Type out the records that follow, exactly as given.

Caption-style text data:
***

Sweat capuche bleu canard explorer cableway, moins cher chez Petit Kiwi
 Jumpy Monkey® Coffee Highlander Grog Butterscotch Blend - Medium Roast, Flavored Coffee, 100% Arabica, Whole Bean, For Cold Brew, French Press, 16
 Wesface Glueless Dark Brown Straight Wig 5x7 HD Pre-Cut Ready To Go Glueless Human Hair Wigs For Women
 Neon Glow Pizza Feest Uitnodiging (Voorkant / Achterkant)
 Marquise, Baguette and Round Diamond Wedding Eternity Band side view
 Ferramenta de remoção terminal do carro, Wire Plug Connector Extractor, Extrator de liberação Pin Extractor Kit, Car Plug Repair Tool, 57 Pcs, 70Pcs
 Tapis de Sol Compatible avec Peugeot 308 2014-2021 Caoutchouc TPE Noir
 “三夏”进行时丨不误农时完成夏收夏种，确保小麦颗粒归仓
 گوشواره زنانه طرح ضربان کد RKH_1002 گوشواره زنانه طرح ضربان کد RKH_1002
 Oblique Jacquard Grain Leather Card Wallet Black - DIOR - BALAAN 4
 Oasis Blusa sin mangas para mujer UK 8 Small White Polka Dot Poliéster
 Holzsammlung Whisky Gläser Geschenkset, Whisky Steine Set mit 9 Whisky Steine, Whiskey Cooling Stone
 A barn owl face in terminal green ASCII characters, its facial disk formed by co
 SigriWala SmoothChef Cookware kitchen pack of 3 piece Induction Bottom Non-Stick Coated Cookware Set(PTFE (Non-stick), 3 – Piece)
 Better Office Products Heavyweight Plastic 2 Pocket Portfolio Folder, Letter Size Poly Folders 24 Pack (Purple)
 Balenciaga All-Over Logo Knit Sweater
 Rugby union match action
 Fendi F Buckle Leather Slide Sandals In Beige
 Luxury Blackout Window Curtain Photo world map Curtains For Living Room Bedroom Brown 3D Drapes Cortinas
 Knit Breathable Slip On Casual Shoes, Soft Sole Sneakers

***

__Response box__:
Sweat capuche bleu canard explorer cableway, moins cher chez Petit Kiwi
 Jumpy Monkey® Coffee Highlander Grog Butterscotch Blend - Medium Roast, Flavored Coffee, 100% Arabica, Whole Bean, For Cold Brew, French Press, 16
 Wesface Glueless Dark Brown Straight Wig 5x7 HD Pre-Cut Ready To Go Glueless Human Hair Wigs For Women
 Neon Glow Pizza Feest Uitnodiging (Voorkant / Achterkant)
 Marquise, Baguette and Round Diamond Wedding Eternity Band side view
 Ferramenta de remoção terminal do carro, Wire Plug Connector Extractor, Extrator de liberação Pin Extractor Kit, Car Plug Repair Tool, 57 Pcs, 70Pcs
 Tapis de Sol Compatible avec Peugeot 308 2014-2021 Caoutchouc TPE Noir
 “三夏”进行时丨不误农时完成夏收夏种，确保小麦颗粒归仓
 گوشواره زنانه طرح ضربان کد RKH_1002 گوشواره زنانه طرح ضربان کد RKH_1002
 Oblique Jacquard Grain Leather Card Wallet Black - DIOR - BALAAN 4
 Oasis Blusa sin mangas para mujer UK 8 Small White Polka Dot Poliéster
 Holzsammlung Whisky Gläser Geschenkset, Whisky Steine Set mit 9 Whisky Steine, Whiskey Cooling Stone
 A barn owl face in terminal green ASCII characters, its facial disk formed by co
 SigriWala SmoothChef Cookware kitchen pack of 3 piece Induction Bottom Non-Stick Coated Cookware Set(PTFE (Non-stick), 3 – Piece)
 Better Office Products Heavyweight Plastic 2 Pocket Portfolio Folder, Letter Size Poly Folders 24 Pack (Purple)
 Balenciaga All-Over Logo Knit Sweater
 Rugby union match action
 Fendi F Buckle Leather Slide Sandals In Beige
 Luxury Blackout Window Curtain Photo world map Curtains For Living Room Bedroom Brown 3D Drapes Cortinas
 Knit Breathable Slip On Casual Shoes, Soft Sole Sneakers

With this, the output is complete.